= Your assignment =
When the records are reproduced, each one must match exactly, and no picture may be kept.
### Source records ###
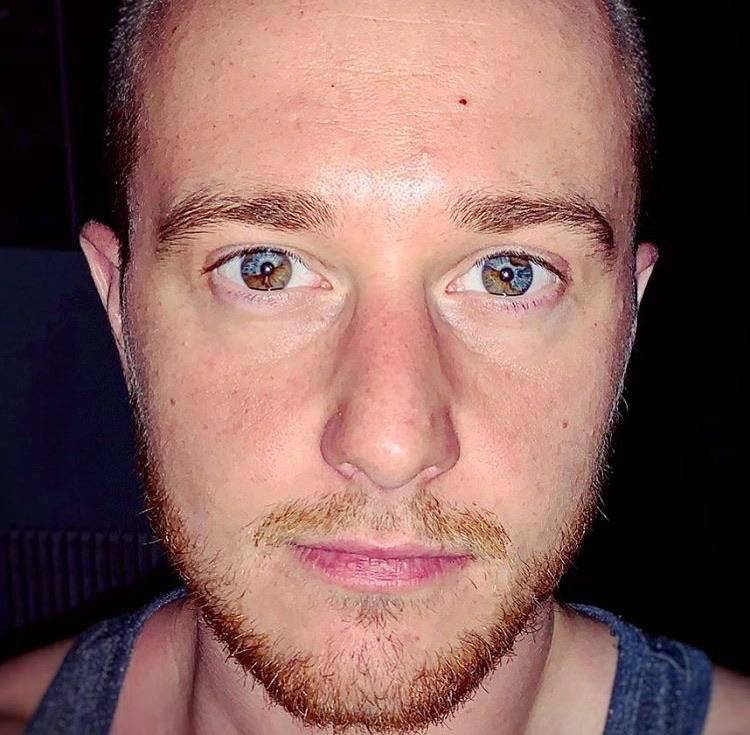man with heterochromia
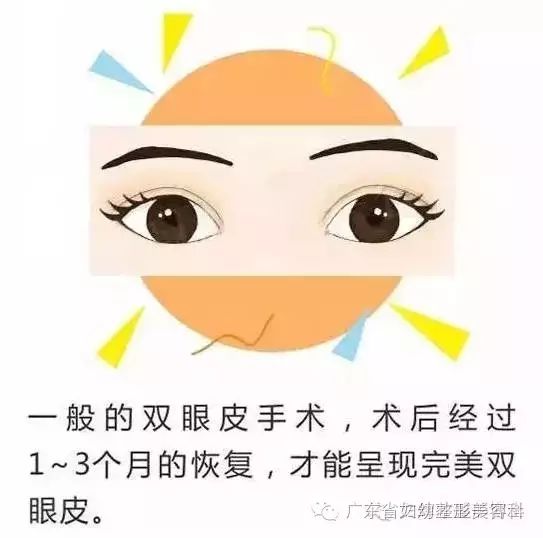 【健康知识】双眼皮术后护理的重要性,do you know?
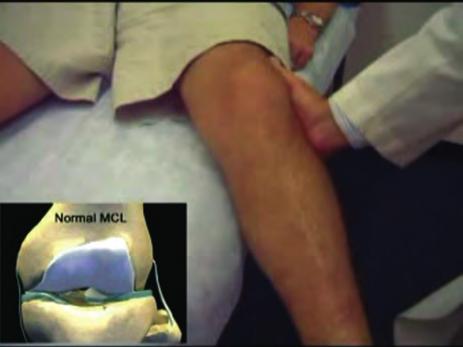 Figure 10: Lateral deforming blow resulting in a torn medial collateral ligament: When examining collateral ligaments, it is necessary to perform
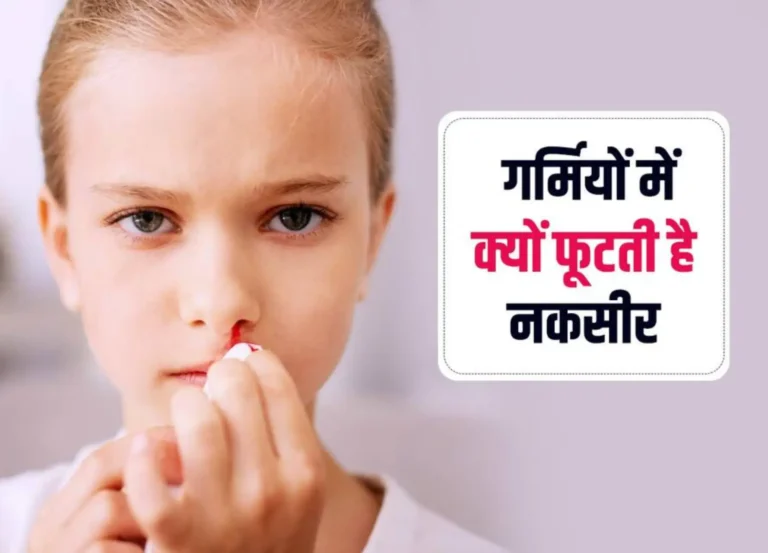 गर्मियों में नकसीर (नाक से खून आना) की समस्या: कारण, उपाय और सावधानियाँ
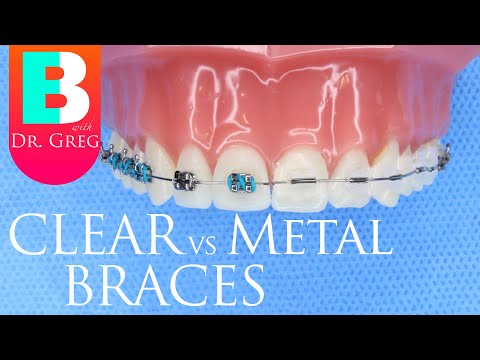 download lagu mp3 mp4 Are Ceramic Braces Better Than Metal, download lagu Are Ceramic Braces Better Than Metal gratis, unduh video klip Are Ceramic Braces Better Than Metal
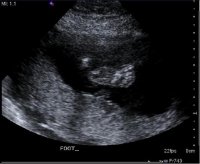 18 Weeks, Little Foot.jpg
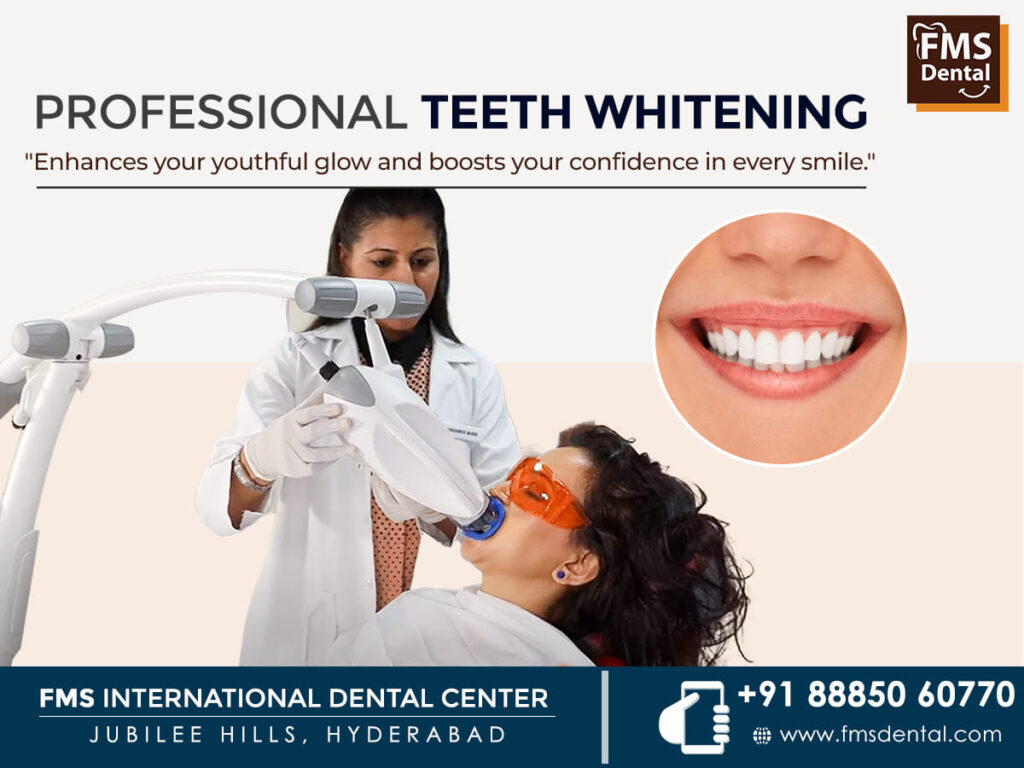 professional-teeth-whitening-in-jublee-hills-hyderabad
###
= Result of this exercise =
man with heterochromia
 【健康知识】双眼皮术后护理的重要性,do you know?
 Figure 10: Lateral deforming blow resulting in a torn medial collateral ligament: When examining collateral ligaments, it is necessary to perform
 गर्मियों में नकसीर (नाक से खून आना) की समस्या: कारण, उपाय और सावधानियाँ
 download lagu mp3 mp4 Are Ceramic Braces Better Than Metal, download lagu Are Ceramic Braces Better Than Metal gratis, unduh video klip Are Ceramic Braces Better Than Metal
 18 Weeks, Little Foot.jpg
 professional-teeth-whitening-in-jublee-hills-hyderabad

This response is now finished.